:: EXERCISE GOAL ::
What is needed is every line from the one holding "Woman in Flowing" to the last line of the data below, printed exactly and without pictures.

:: SOURCE RECORDS ::
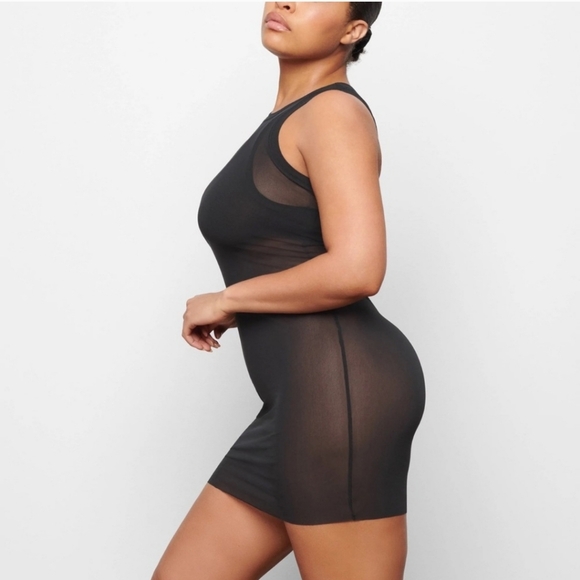 SKIMS Summer Mesh Sleeveless Minidress in Onyx - Picture 2 of 5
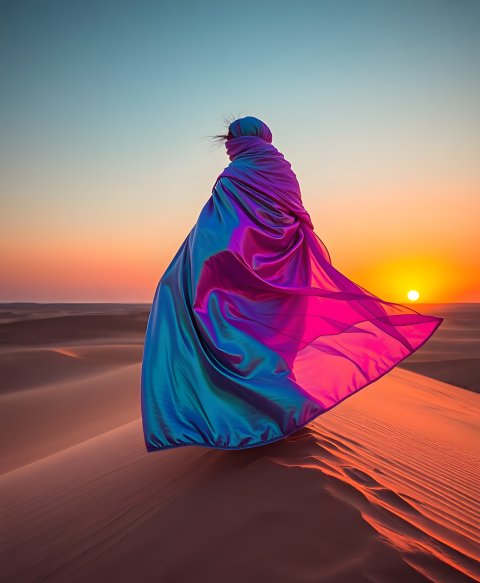 Woman in Flowing Iridescent Fabric in Desert Sunset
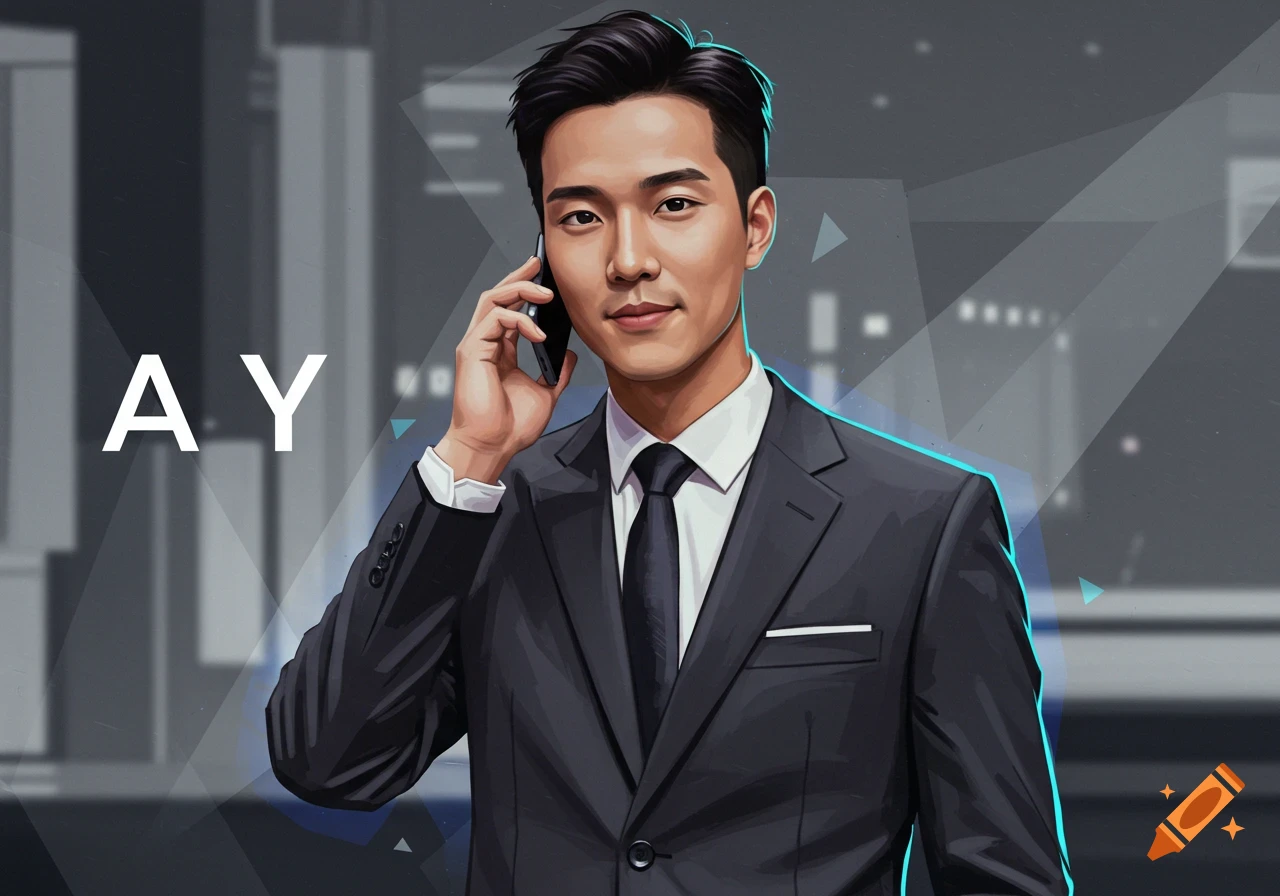 Illustration of a man in a suit talking on a phone, with the text 'AY' on the left.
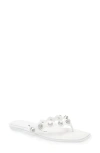 Alexander Wang White Rexa Thong Flat Sandals In Optic White
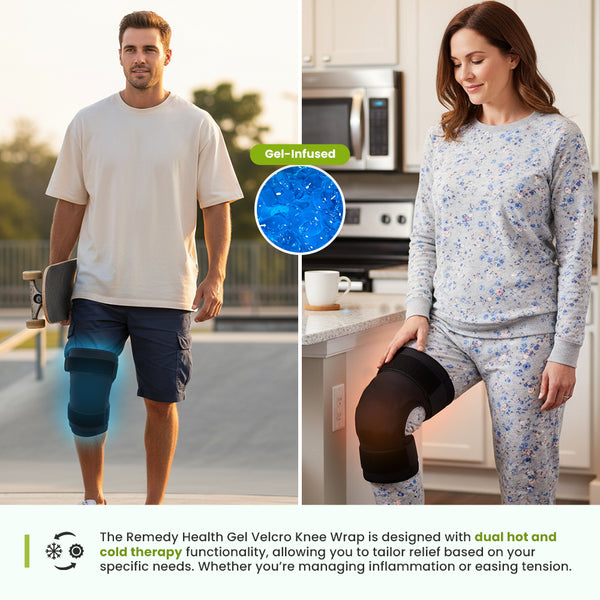 Remedy Health Gel Velcro Knee Wrap (Hot & Cold Therapy)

:: SOLUTION TO THIS PROBLEM ::
 Woman in Flowing Iridescent Fabric in Desert Sunset
 Illustration of a man in a suit talking on a phone, with the text 'AY' on the left.
 Alexander Wang White Rexa Thong Flat Sandals In Optic White
 Remedy Health Gel Velcro Knee Wrap (Hot & Cold Therapy)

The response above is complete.